SUPPLIED DATA

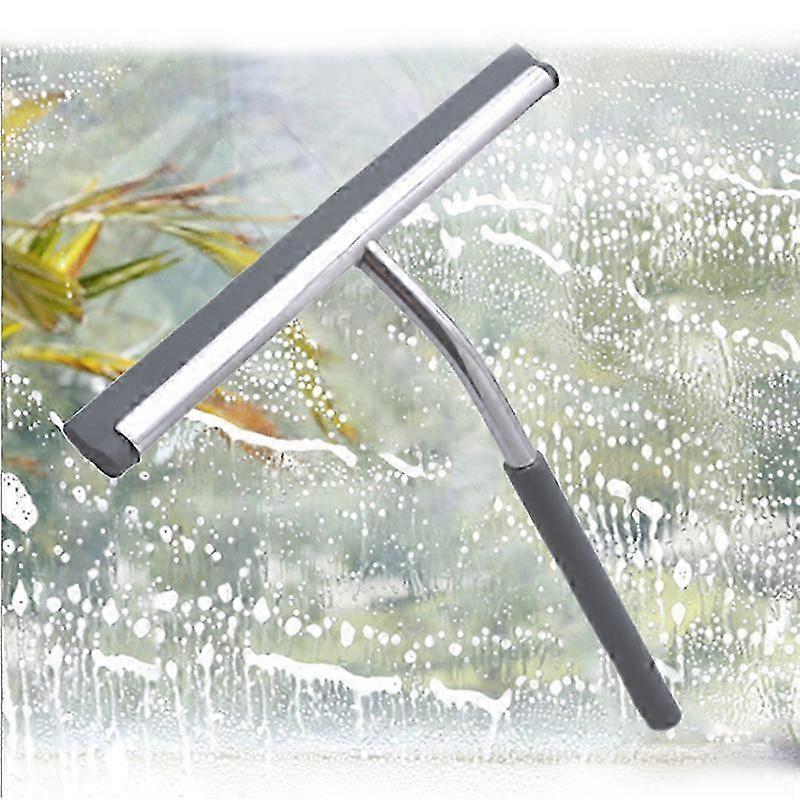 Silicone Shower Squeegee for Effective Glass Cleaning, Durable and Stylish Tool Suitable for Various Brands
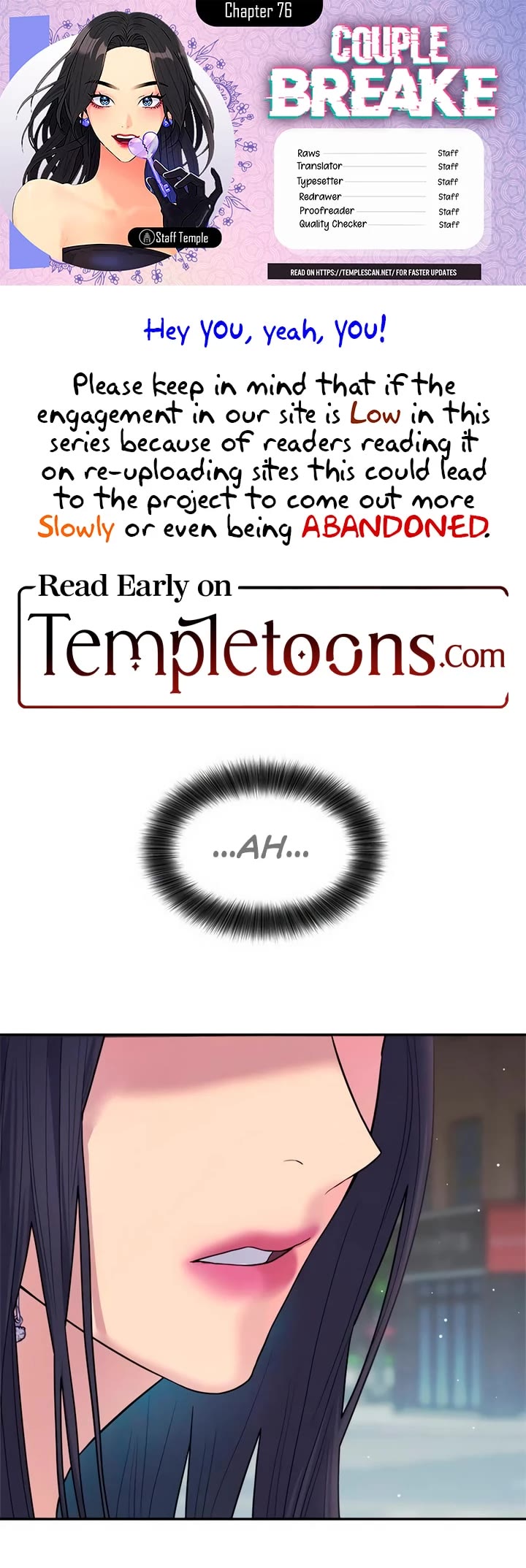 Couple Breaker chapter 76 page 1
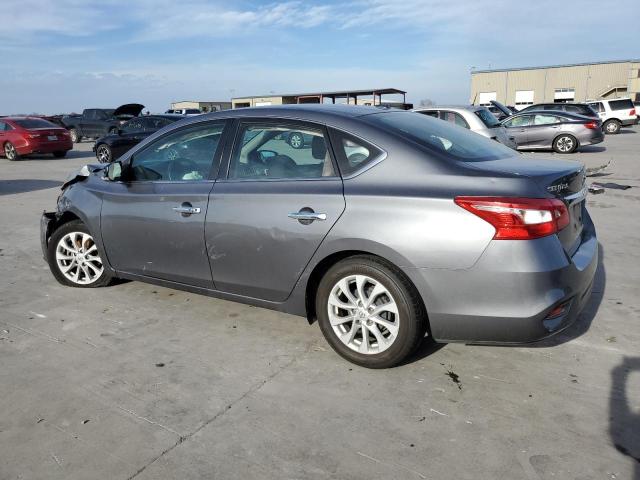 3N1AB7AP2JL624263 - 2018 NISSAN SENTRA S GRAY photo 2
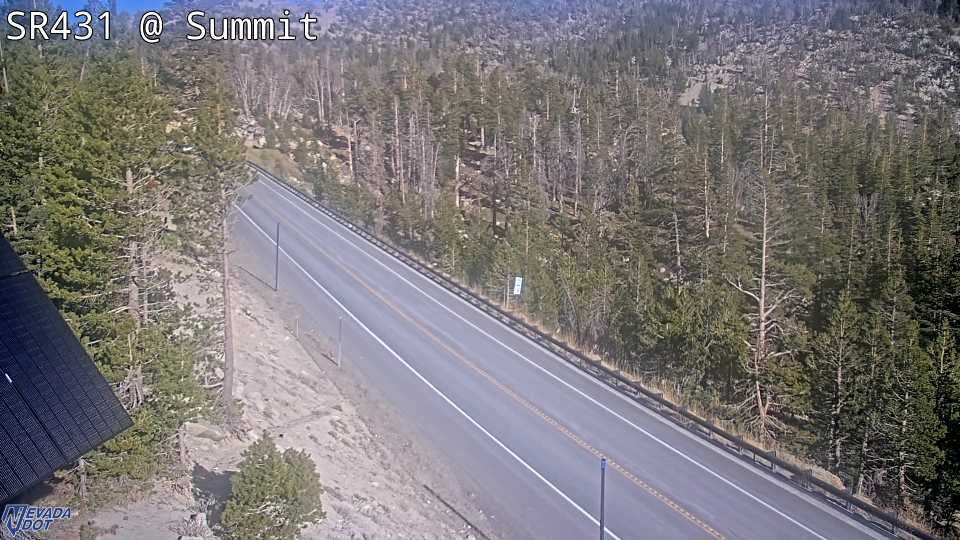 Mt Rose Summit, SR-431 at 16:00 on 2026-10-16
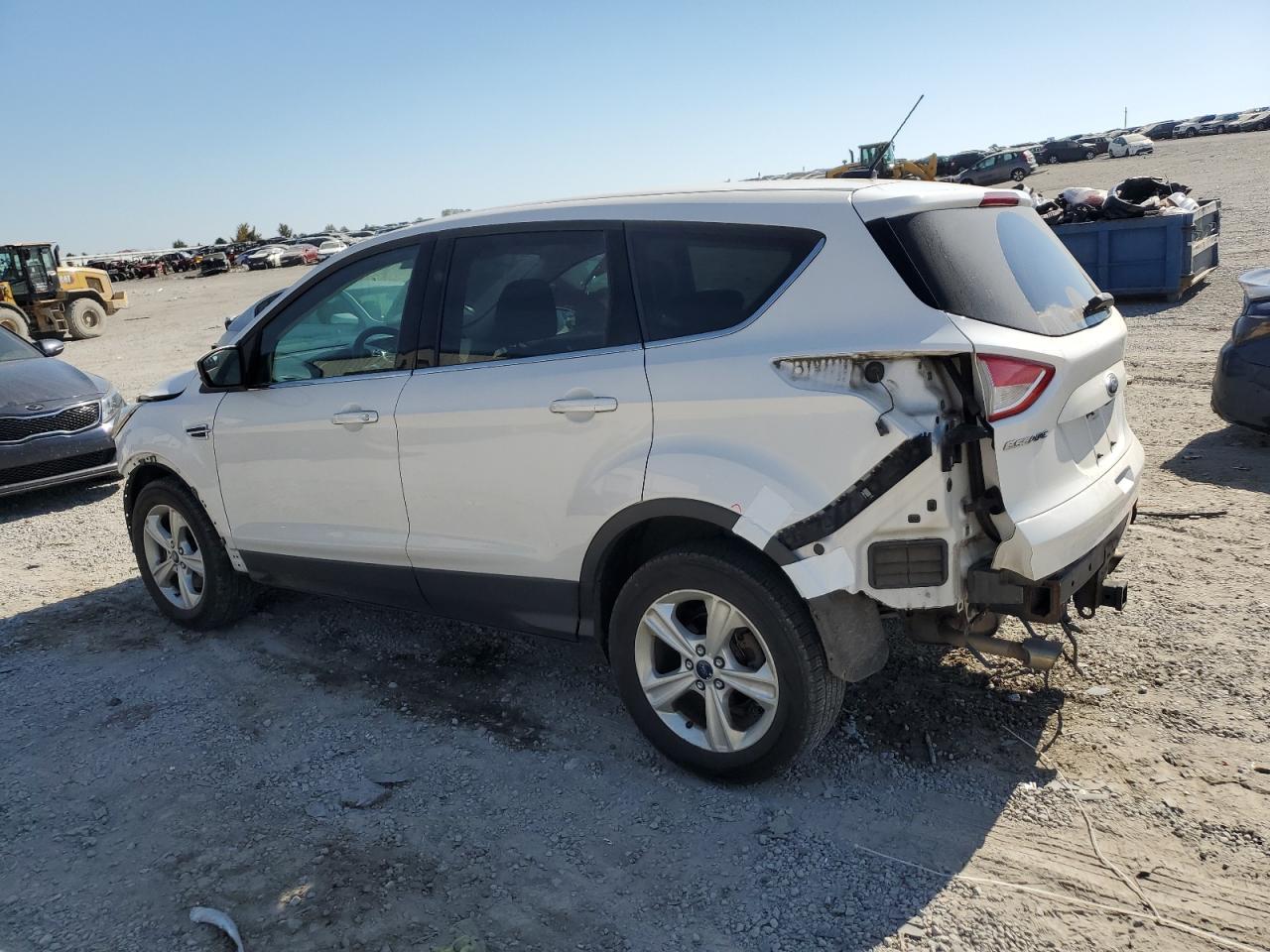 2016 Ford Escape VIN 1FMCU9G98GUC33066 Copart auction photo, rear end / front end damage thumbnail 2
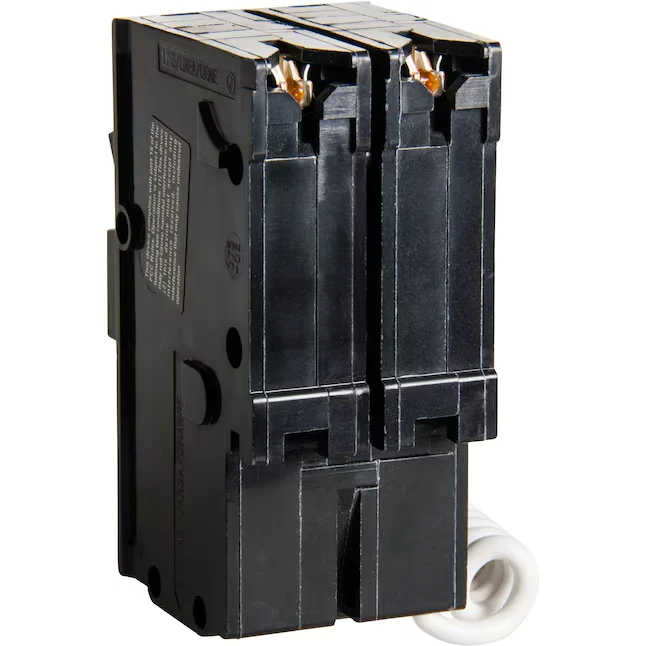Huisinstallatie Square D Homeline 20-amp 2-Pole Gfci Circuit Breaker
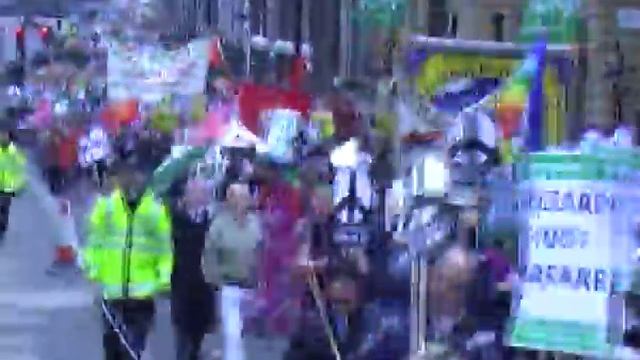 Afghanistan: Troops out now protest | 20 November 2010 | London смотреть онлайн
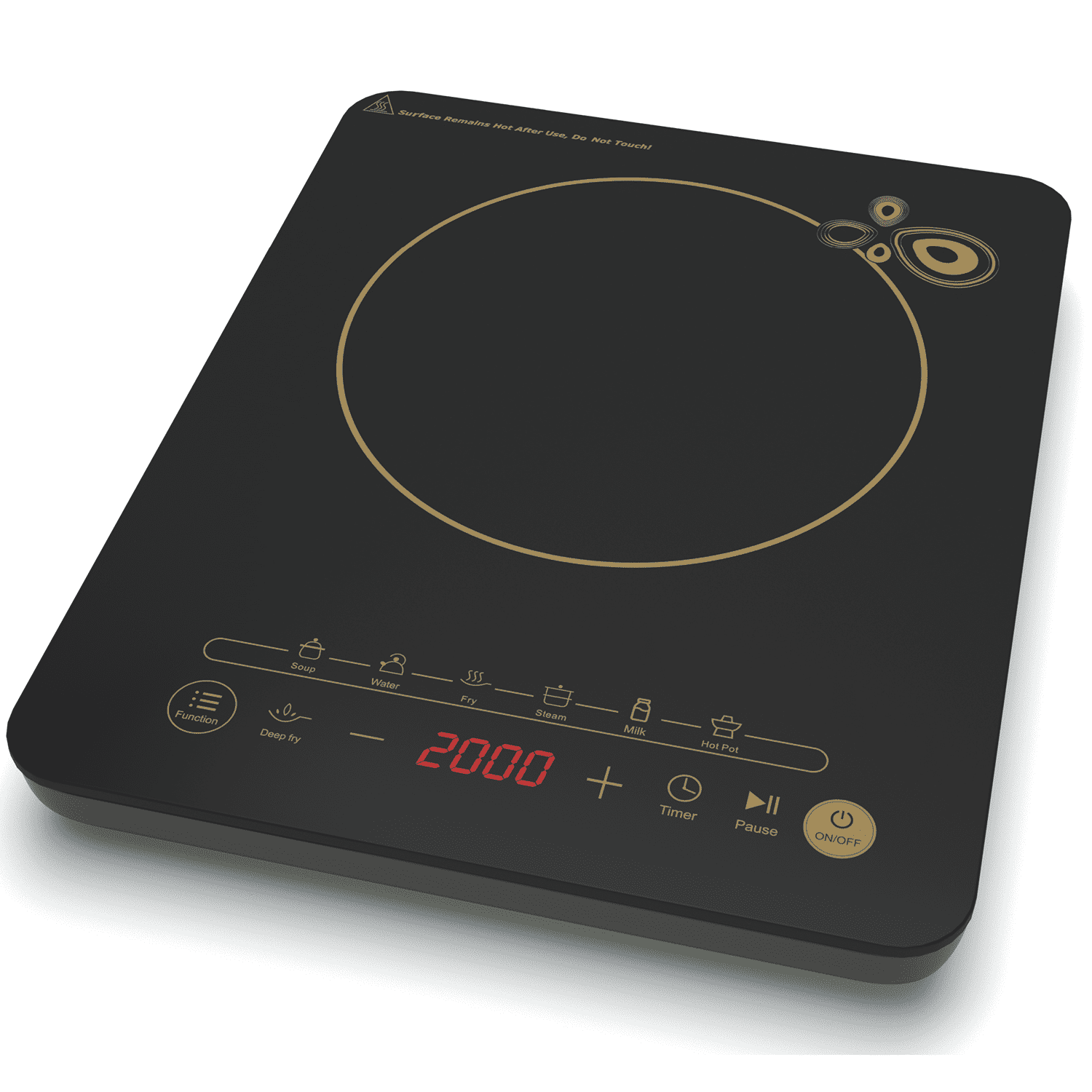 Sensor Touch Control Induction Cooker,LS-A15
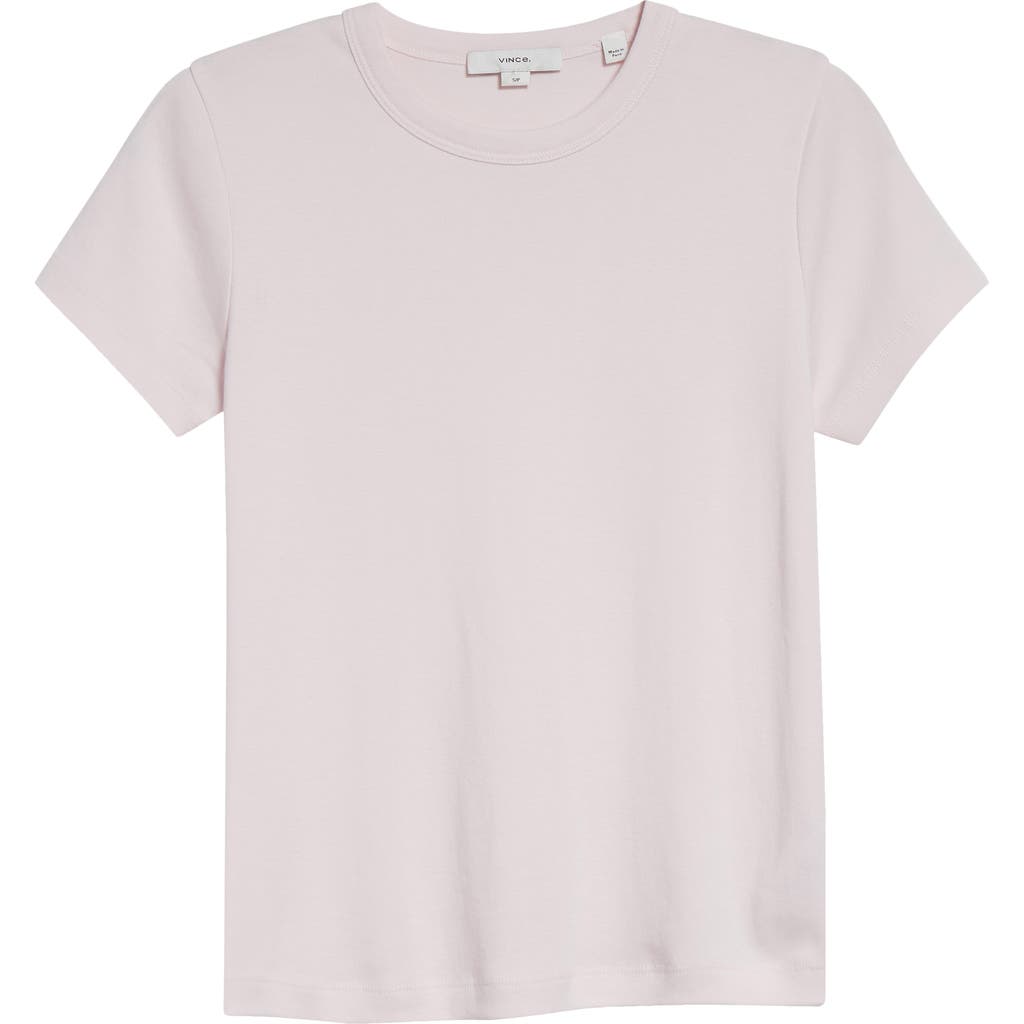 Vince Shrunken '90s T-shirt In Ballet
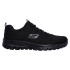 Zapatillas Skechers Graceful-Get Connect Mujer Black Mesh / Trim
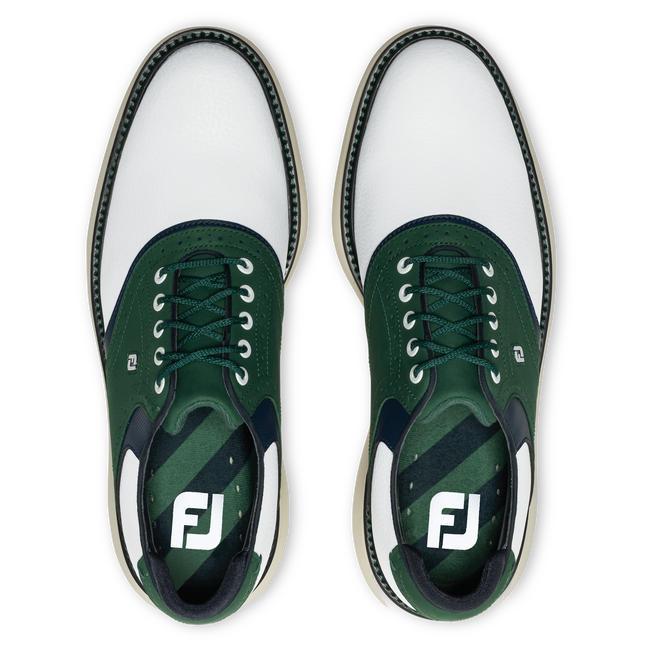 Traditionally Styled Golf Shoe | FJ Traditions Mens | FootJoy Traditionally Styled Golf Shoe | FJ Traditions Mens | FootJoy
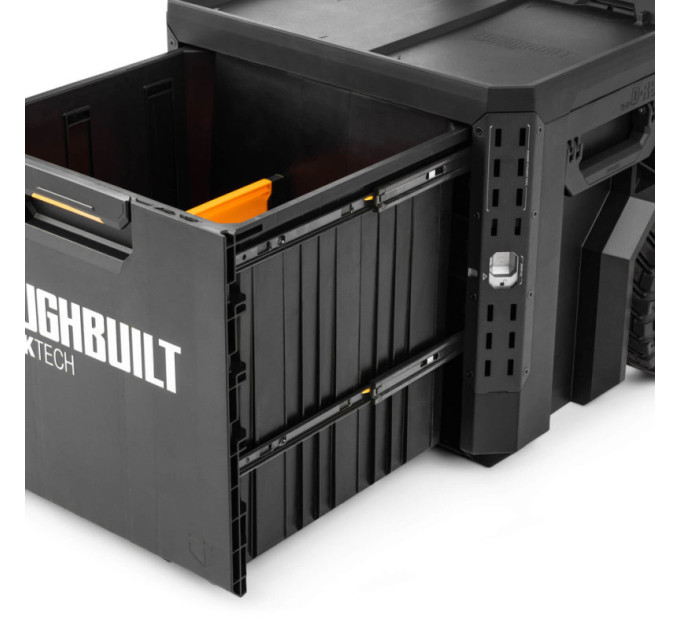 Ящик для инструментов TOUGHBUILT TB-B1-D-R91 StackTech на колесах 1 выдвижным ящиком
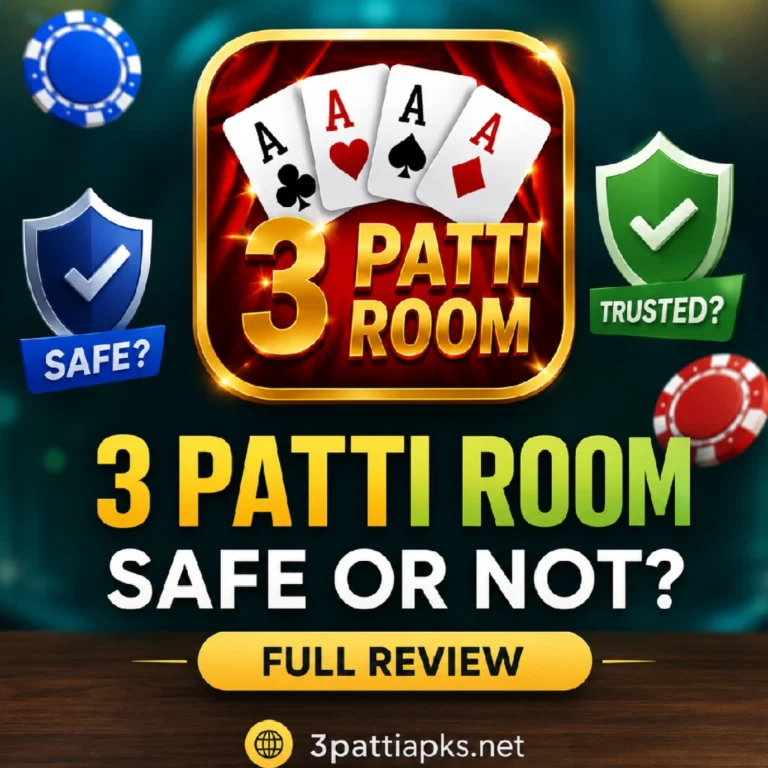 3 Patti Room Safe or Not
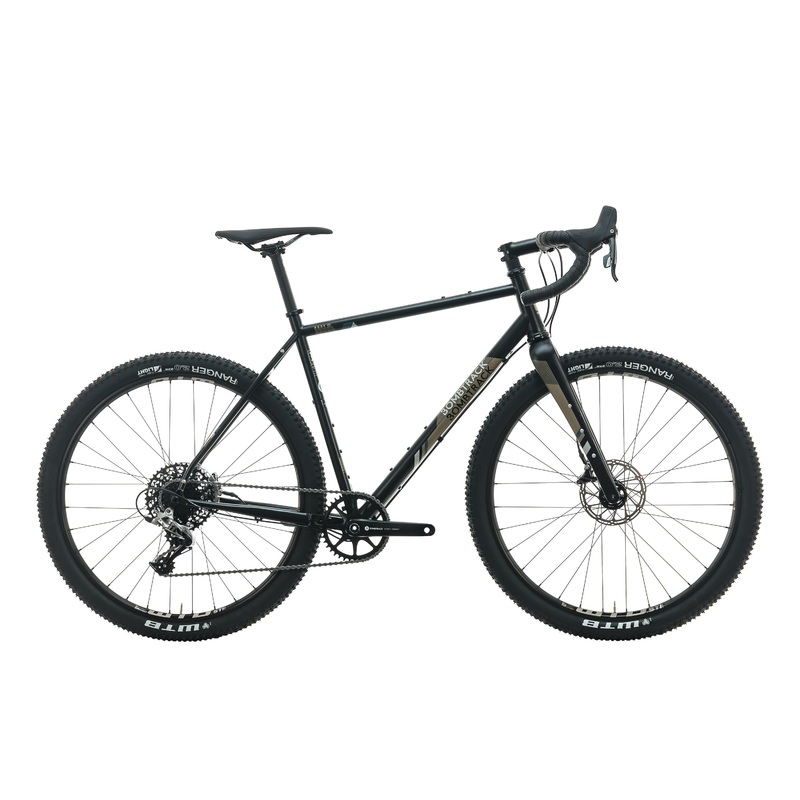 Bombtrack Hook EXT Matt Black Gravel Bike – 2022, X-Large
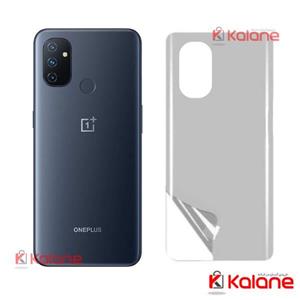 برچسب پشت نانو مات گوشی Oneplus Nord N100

TASK DIRECTIONS
Please retype the data exactly. The pictures do not go in.

TASK SOLUTION
 Silicone Shower Squeegee for Effective Glass Cleaning, Durable and Stylish Tool Suitable for Various Brands
 Couple Breaker chapter 76 page 1
 3N1AB7AP2JL624263 - 2018 NISSAN SENTRA S GRAY photo 2
 Mt Rose Summit, SR-431 at 16:00 on 2026-10-16
 2016 Ford Escape VIN 1FMCU9G98GUC33066 Copart auction photo, rear end / front end damage thumbnail 2
Huisinstallatie Square D Homeline 20-amp 2-Pole Gfci Circuit Breaker
 Afghanistan: Troops out now protest | 20 November 2010 | London смотреть онлайн
 Sensor Touch Control Induction Cooker,LS-A15
 Vince Shrunken '90s T-shirt In Ballet
 Zapatillas Skechers Graceful-Get Connect Mujer Black Mesh / Trim
 Traditionally Styled Golf Shoe | FJ Traditions Mens | FootJoy Traditionally Styled Golf Shoe | FJ Traditions Mens | FootJoy
 Ящик для инструментов TOUGHBUILT TB-B1-D-R91 StackTech на колесах 1 выдвижным ящиком
 3 Patti Room Safe or Not
 Bombtrack Hook EXT Matt Black Gravel Bike – 2022, X-Large
 برچسب پشت نانو مات گوشی Oneplus Nord N100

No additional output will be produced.